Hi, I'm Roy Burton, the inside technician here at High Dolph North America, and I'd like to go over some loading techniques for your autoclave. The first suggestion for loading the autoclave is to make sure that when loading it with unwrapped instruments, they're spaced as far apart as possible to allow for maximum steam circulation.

══════════════════════════════

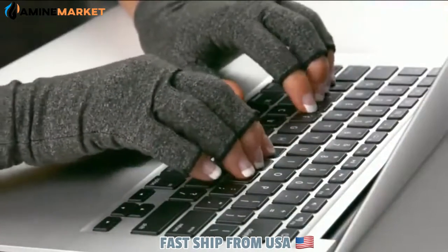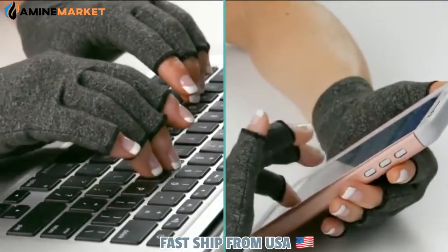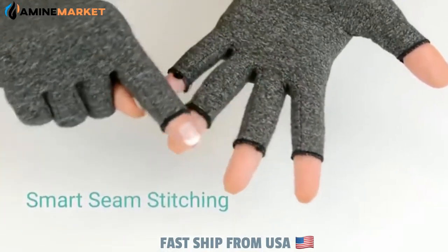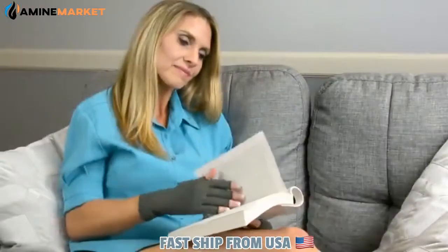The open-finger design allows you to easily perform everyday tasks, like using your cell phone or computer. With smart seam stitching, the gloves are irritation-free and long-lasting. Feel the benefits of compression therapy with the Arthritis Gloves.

══════════════════════════════

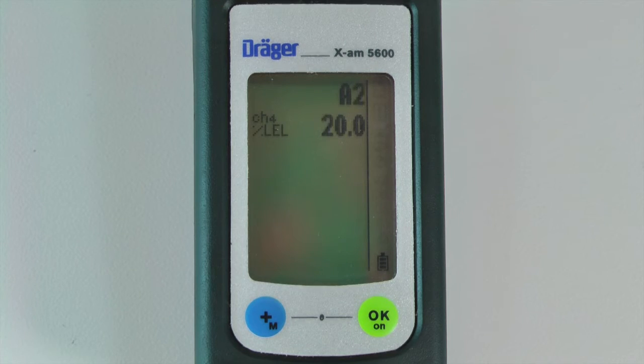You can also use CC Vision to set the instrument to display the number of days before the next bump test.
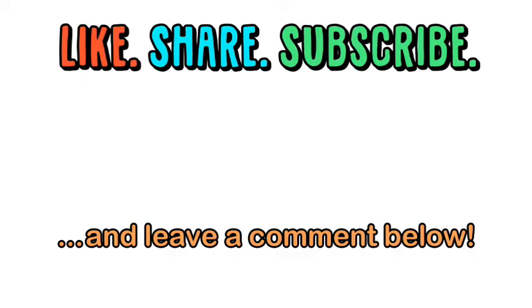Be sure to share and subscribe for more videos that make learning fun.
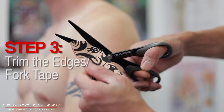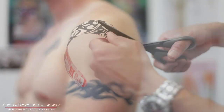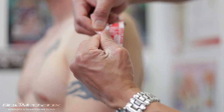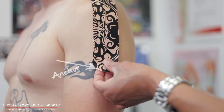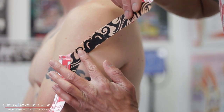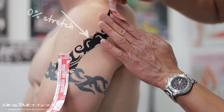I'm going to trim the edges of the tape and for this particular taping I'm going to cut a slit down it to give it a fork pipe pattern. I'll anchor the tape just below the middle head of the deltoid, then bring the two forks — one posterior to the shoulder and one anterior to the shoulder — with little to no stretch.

══════════════════════════════

# [Requirement]
In the data above, retype only the stretch from the line with "Be sure to share" through the line with "I'm going to trim", word for word, and skip any pictures.

# [Answer box]
Be sure to share and subscribe for more videos that make learning fun.
I'm going to trim the edges of the tape and for this particular taping I'm going to cut a slit down it to give it a fork pipe pattern. I'll anchor the tape just below the middle head of the deltoid, then bring the two forks — one posterior to the shoulder and one anterior to the shoulder — with little to no stretch.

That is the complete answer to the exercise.